> _Your goal_
When you write out the listing, keep every character and omit the pictures.

======== Information provided ========

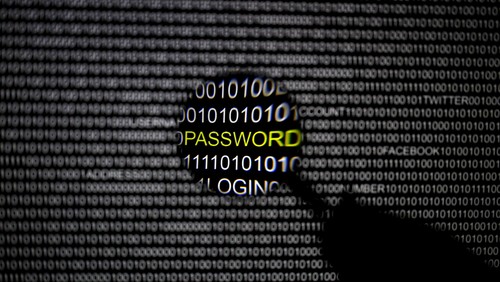 A magnifying glass is held in front of a computer screen in this file picture illustration taken in Berlin May 21, 2013. Hackers broke into U.S. government computers, possibly compromising the personal data of 4 million current and former federal employees, and investigators were probing whether the culprits were based in China, U.S. officials said on June 4, 2015. REUTERS/Pawel Kopczynski/Files
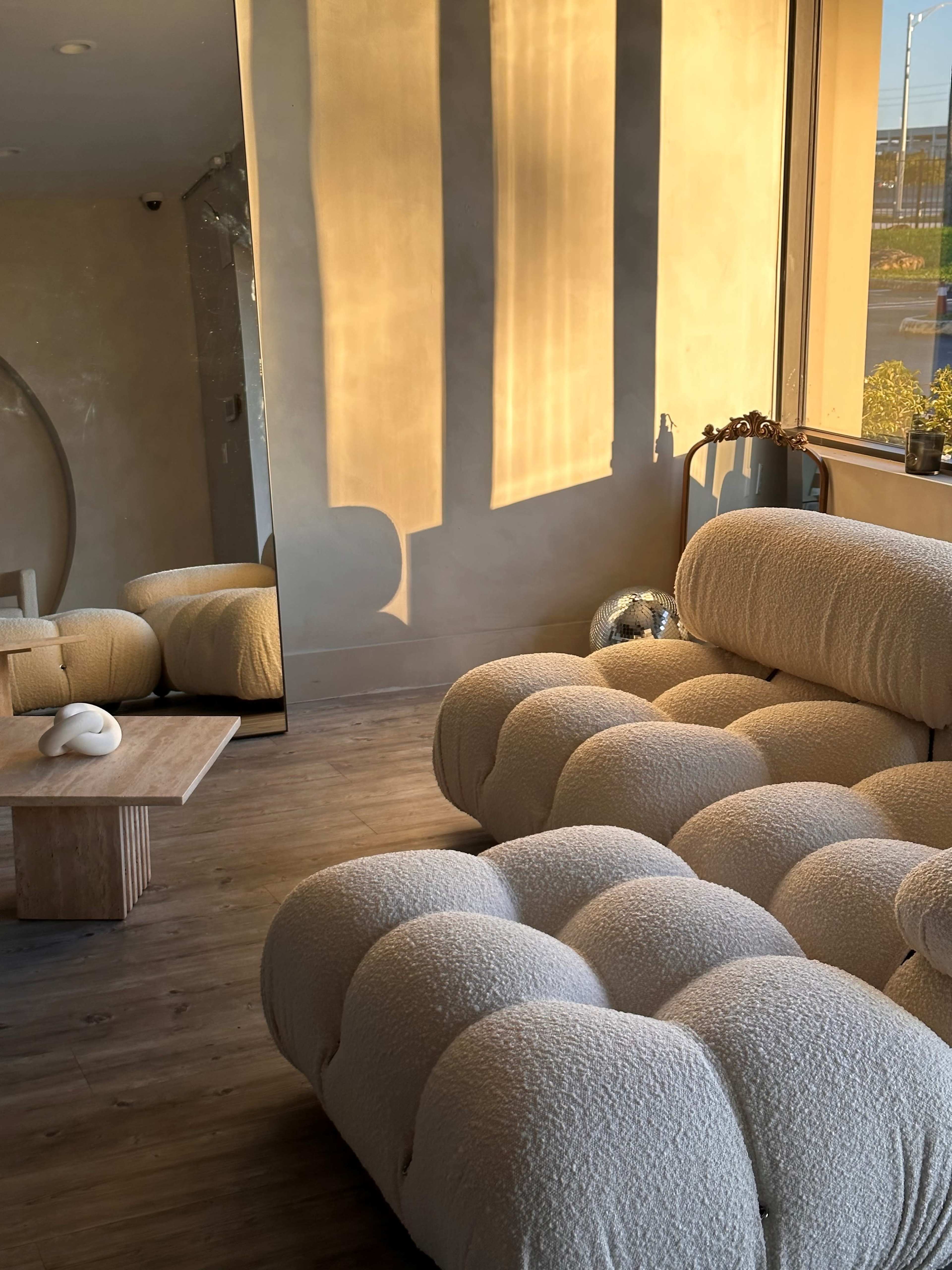 A plush, textured sofa sits next to a large window, reflecting warm sunlight onto a minimalist wooden coffee table and a nearby mirror.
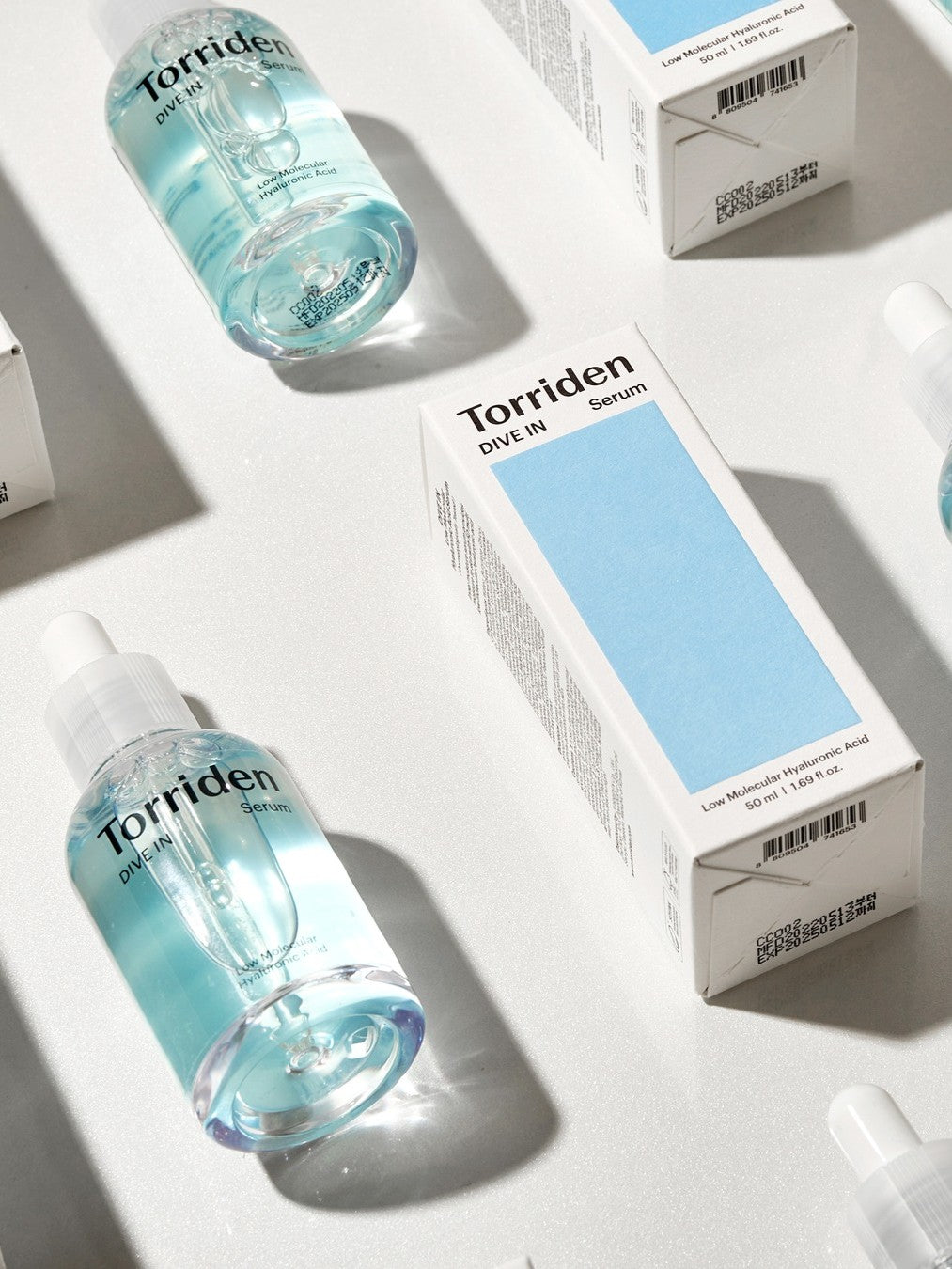 Two Torriden Dive In serum bottles with light blue liquid alongside their boxes featuring black text, emphasizing an instant boost of hydration.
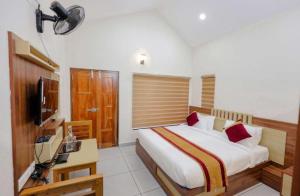 Dormitorio con cama, escritorio y TV en Greenfield Homestay en Vythiri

========

> _Response_
 A magnifying glass is held in front of a computer screen in this file picture illustration taken in Berlin May 21, 2013. Hackers broke into U.S. government computers, possibly compromising the personal data of 4 million current and former federal employees, and investigators were probing whether the culprits were based in China, U.S. officials said on June 4, 2015. REUTERS/Pawel Kopczynski/Files
 A plush, textured sofa sits next to a large window, reflecting warm sunlight onto a minimalist wooden coffee table and a nearby mirror.
 Two Torriden Dive In serum bottles with light blue liquid alongside their boxes featuring black text, emphasizing an instant boost of hydration.
 Dormitorio con cama, escritorio y TV en Greenfield Homestay en Vythiri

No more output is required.